Si una economía feminista pone la vida en el centro y el derecho a una vida digna, ¿dónde están la tareas domésticas y no glamoruosas de las instituciones culturales? ¿Cómo se retribuyen? ¿Por qué no entran ni en los discursos transformativos, instituyentes o materialistas sobre la cultura? ¿Tan abyectas y rechazadas están estas profesiones que ni siquiera se puede hablar de ellas?¿ni siquiera en los círculos “más radicales”? ¿Por qué no vemos a grupos de madres que puedan dar lactancia en un museo? ¿Dónde están los espacios de crianza compartida y las políticas de conciliación en estos centros? En pocos debates en el contexto estatal he visto plantear profundamente, como un eje a discutir y poner sobre el tapete las tareas de acogida de grupos en la institución cultural, o el trabajo doméstico o afectivo con otras personas, pese al gran boom de Silvia Federicci.

Tampoco encontramos preguntas y debates sobre cómo colectivizar y horizontalizar estas “sucias” tareas… y las preguntas continúan: ¿cómo generar espacios de cooperación y condiciones laborales paritarias que también crucen estos ámbitos? ¿por qué producir una exposición en tiempos de crisis puede costar hasta 300 mil euros, mientras no se paga ni el 10% del proyecto a generar procesos educativos, redes de trabajo locales? ¿Dónde quedan lo reproductivo y doméstico en las instituciones culturales?

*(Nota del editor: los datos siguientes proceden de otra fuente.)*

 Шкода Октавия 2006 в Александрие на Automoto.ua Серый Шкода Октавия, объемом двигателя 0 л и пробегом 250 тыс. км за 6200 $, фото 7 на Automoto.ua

Al hilo de lo anterior, una economía feminista se cocina también pensando en la cultura como una economía basada en el decrecimiento cultural, algo que intentamos esbozar en otro texto). Si una economía social cruza y atraviesa las prácticas culturales, una de las primeras transformaciones concretas debería intentar evitar el extractivismo y el monopolio de ciertas empresas de servicios en los museos, instituciones y prácticas culturales. ¿Por qué prácticamente hay un monocultivo de empresas como Focus, Ciutart o Magma? ¿Quién decide que estos servicios son realmente eficientes? ¿Quiénes son los gestores y técnicos que escriben la condiciones de las licitaciones? Ejemplos de este estilo los consideramos prácticas de “cultura transgénica”, ya que operan como la soja de Monsanto. Destrozan el cultivo local, extraen recursos, y dejan sin trabajo y posibilidad de sobrevivir de otro modo a muchas semillas y trabajadores locales. Auténticas maquilladoras culturales que últimamente se profesan sin ningún tipo de tapujos como auténticos depredadores de los recursos comunes (la noticia de Eulen sobre su expansión en los servicios culturales nos ha dejado atónitos, a parte de su hegemonía en servicios de mediación).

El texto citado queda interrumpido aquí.